In September, Evergrande employees joined worried home buyers in protesting outside company offices around China. Some were later detained or visited by the local police. As many as 80 percent of Evergrande employees were at one point asked to put up money to help fund the company’s operations.

Mr. Cao, an Evergrande home buyer who requested The New York Times use only his surname for fear of being visited by the police, said he had put a down payment on a $160,000 apartment in Jiangxi Province that was nearly completed and was supposed to be delivered in January. He doesn’t expect the apartment will be done in time because there are only around 20 workers each day on the construction site, he said.

“I think the contractors still haven’t been fully paid,” he said. “If they had the money, they should have worked faster for sure.”

Amid the uncertainty, Evergrande’s colorful founder, once known for wearing a flashy gold-buckled Hermès belt, has been largely absent from public view. In early September, he posed behind top executives signing a “military order” pledging to deliver homes. (Over the following months, Evergrande would finish less than 10,000 units.) In a memo leaked later that month, he promised employees they would soon “walk out of the darkness.”

Last week, Evergrande published new photographs of Mr. Xu presiding over a meeting during which he called on executives to keep delivering homes. Then came dozens of photos of suddenly completed apartment projects. Home buyers were photographed happily signing documents that would allow them to finally take possession of their long-awaited apartments.
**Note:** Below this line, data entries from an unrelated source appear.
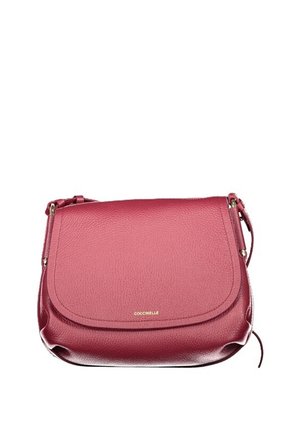 Red leather crossbody bag with flap closure and adjustable strap, embossed brand name "Coccinelle" on front center.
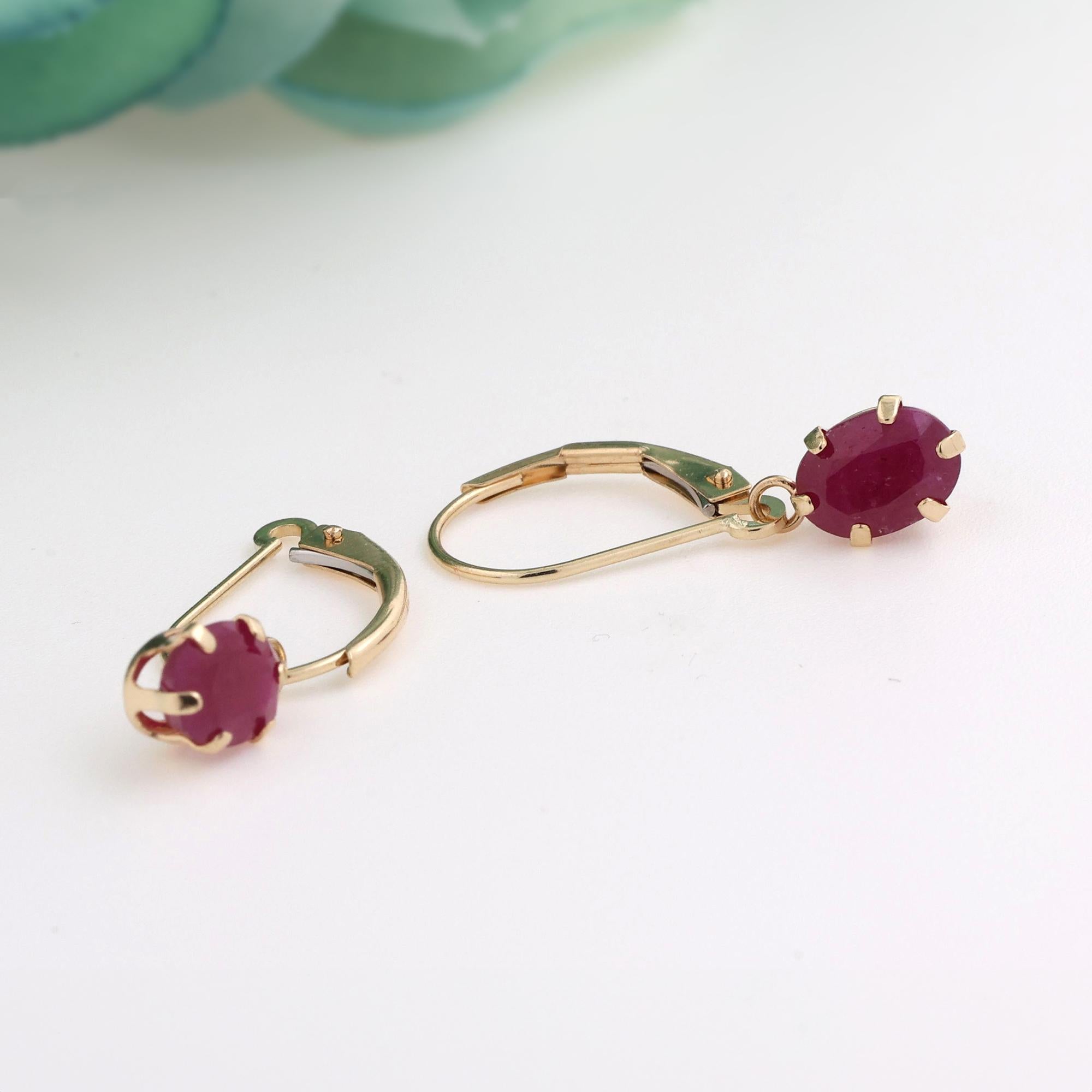 Ruby Drop Dangle Earrings 14K Yellow Gold 2.00 CTW Lever Backs Ladies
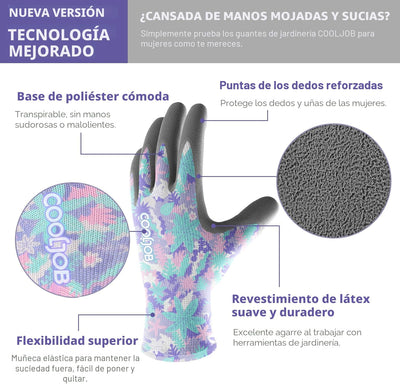 Guantes jardinería transpirables con goma coloridos 6 pares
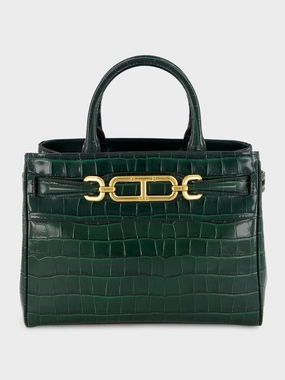 Emerald Green Crocodile Leather Top Handle Bag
Some online commentators expressed disbelief that Evergrande could suddenly go from the brink of collapse to business as usual, or bristled at the idea that buyers should celebrate receiving the homes for which they had already paid.

“Today people become so grateful and feel they owe the developer a big favor,” remarked Michael Yu, a popular influencer on Duoyin, the Chinese version of TikTok. “What happened to people’s bottom line these days?”

With Evergrande under the guidance of government officials, some home buyers and investors are likely to feel more hopeful. This week, the company delivered 1,419 apartments at its World City development as part of its push to finish 39,000 homes by the end of the year. But Evergrande is still on the hook for an estimated 1 million more.